# Knowledge bases

<sup>This notebook is a part of Natural Language Processing class at the University of Ljubljana, Faculty for computer and information science. Please contact [slavko.zitnik@fri.uni-lj.si](mailto:slavko.zitnik@fri.uni-lj.si) for any comments.</sub>

## Open Information extraction (unsupervised approaches)

### Open information(/relation) extraction

As for all of the above tasks we need classification into predefined classes, a pure unsupervised end-to-end information extraction approach would use Open information extraction. The latter means that a method extracts tuples of type (subject, predicate, object) without classification of any of them to a list of predefined classes. 

These methods mostly use some technique of bootstrapping or semi-supervised approach to define lexical rules for extraction. As it may seem as an easy task, it is hard to retrieve clean examples and also evaluate the results.
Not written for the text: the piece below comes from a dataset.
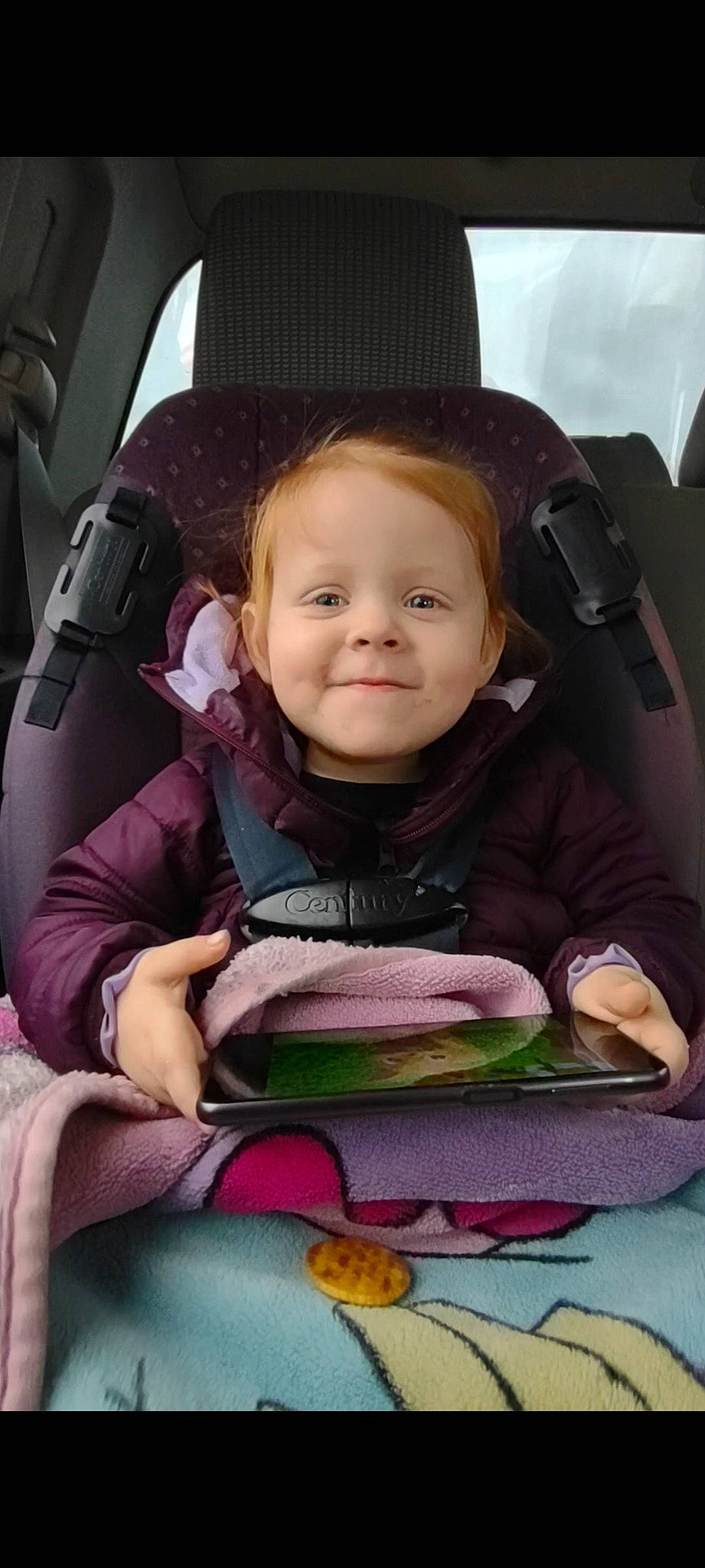 Hope joined the competition — help win amazing prizes! auto_part, baby, baby_carriage, baby_in_car_seat, baby_products, baby_safety, baby_toddler_clothing, car, car_seat, car_seat_cover, cheek, child, comfort, happy, head_restraint, joy, person, product, seat_belt, smile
The area became popular with the introduction of the *TextRunner* system in 2007, after which new systems were introduced. The same research group released the latest version, called [Open IE 5.0](https://github.com/dair-iitd/OpenIE-standalone) in the beginning of 2017. Results of such systems are very useful for QA systems as you can test at [http://openie.allenai.org/](http://openie.allenai.org/).

## Information extraction (supervised approaches)

### Named entity recognition

Named entity recognition is a sequence labeling task. The goal of the algorithm is to define a specific class for each token in a sequence (see previous lab sessions for examples).

### Coreference resolution

Coreference resolution is a task of mention clustering. It basically consists of the following:

1. Mention identification.
2. Mention clustering. 

Mentions refer to underlying entities and are of named, nominal or pronominal type.

There exist many supervised or unsupervised approaches to coreference resolution. One of the most known approached has been `Sieve-based coreference resolution` system by the Stanford NLP group, which achieves comparable state-of-the art results by only employing lexically predefined rules.

Python bindings to a recent state-of-the-art system is available in a [public source code repository](https://github.com/huggingface/neuralcoref) along with a [web-based example](https://huggingface.co/coref/).

### Relation(ship) extraction

Relationship extraction or relation extraction is another information extraction task in which the idea is to idetify relationships between mentions or text spans. The task of true relationship extraction consists of:

1. Subject and object identification.
2. Relationship identification and extraction.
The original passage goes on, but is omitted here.